Significa che l’amministrazione non si limita a costruire infrastrutture, ma cura le relazioni e le ferite emotive della comunità.

Il Sindaco Vito Leccese, visibilmente emozionato, ha sottolineato come la bellezza non sia un accessorio estetico, ma uno strumento di giustizia sociale. Trasformare un luogo di sofferenza in un anfiteatro (dedicato alla memoria di Maria Maugeri) e in piazze per il gioco e lo sport significa mettere l’empatia e la dignità del cittadino al centro dell’agenda politica.

“Vedere oggi la sua trasformazione in uno spazio di vita rappresenta una grande emozione”, ha dichiarato Leccese. È questa la politica che sa ascoltare il battito del cuore della città.

I numeri del cambiamento

Il progetto non è solo visione, è concretezza architettonica. Ecco cosa troveranno i cittadini nel nuovo Parco della Rinascita:

  • Superficie: Oltre 14 ettari di biodiversità mediterranea.
  • Patrimonio Verde: 1.300 alberi da forestazione, 451 alberi a “pronto effetto” e oltre 70.000 piante tappezzanti.
  • Sport e Socialità: Campi da basket, bocciodromi, aree giochi per bambini e l’iconica Piazza Yin e Yang.
  • Cultura: L’anfiteatro Maria Maugeri come fulcro per eventi e incontri.

Bari verso una bellezza consapevole

Attualmente sono già state montate le strutture in acciaio per le coperture sportive e tracciati i percorsi principali. Nonostante le piogge abbiano tentato di rallentare i lavori, la visione del Sindaco Leccese resta ferma: restituire ai baresi il diritto alla bellezza.
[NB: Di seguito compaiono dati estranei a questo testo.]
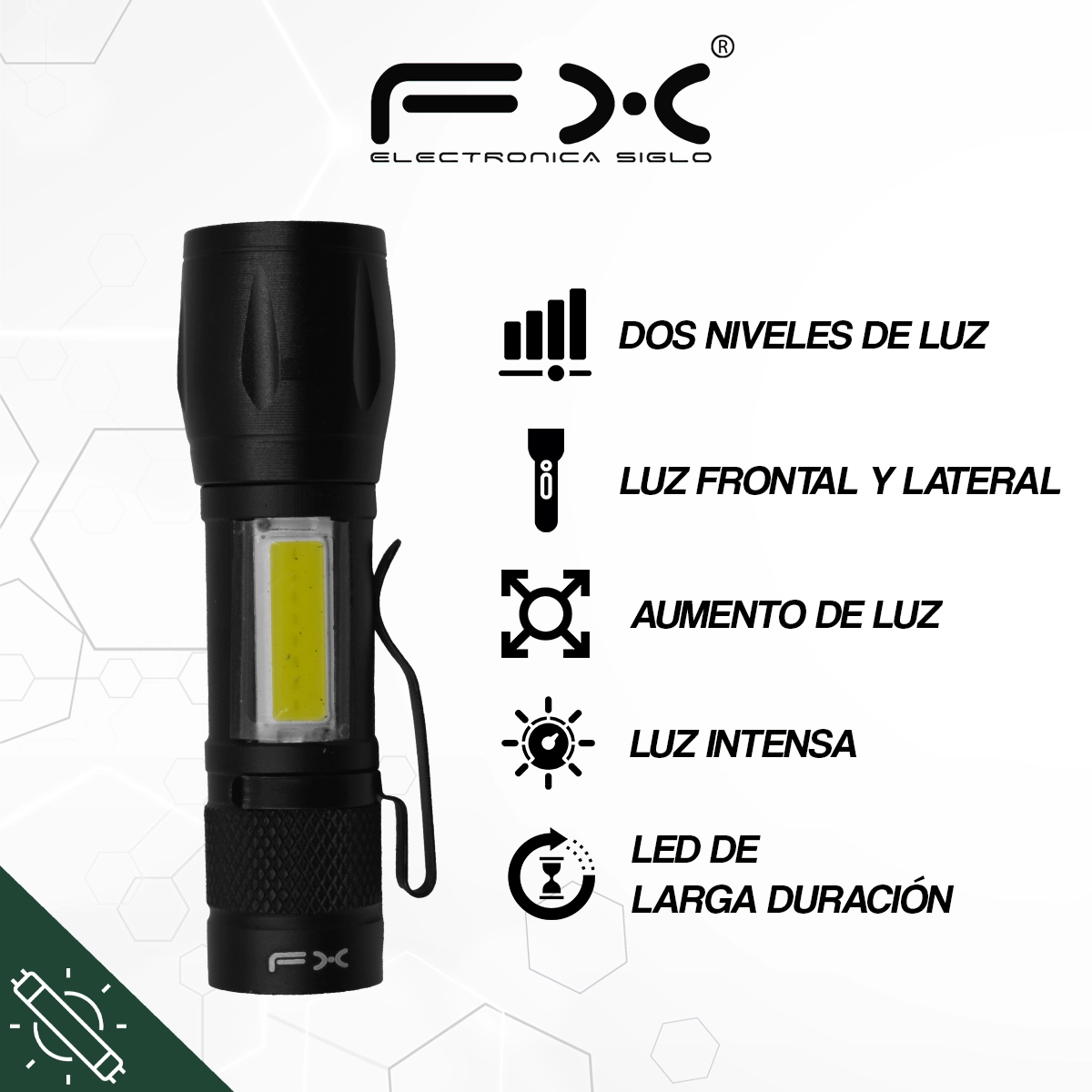 Lampara de Emergencia LED-513 - Image 2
Questo parco non sarà solo una barriera contro i cambiamenti climatici, ma una testimonianza di come una città moderna possa evolversi senza dimenticare il proprio passato, trasformando il ricordo in energia vitale. Bari si proietta nel 2026 come una capitale della rigenerazione, dove il cemento cede il passo al bosco e l’indifferenza alla cura.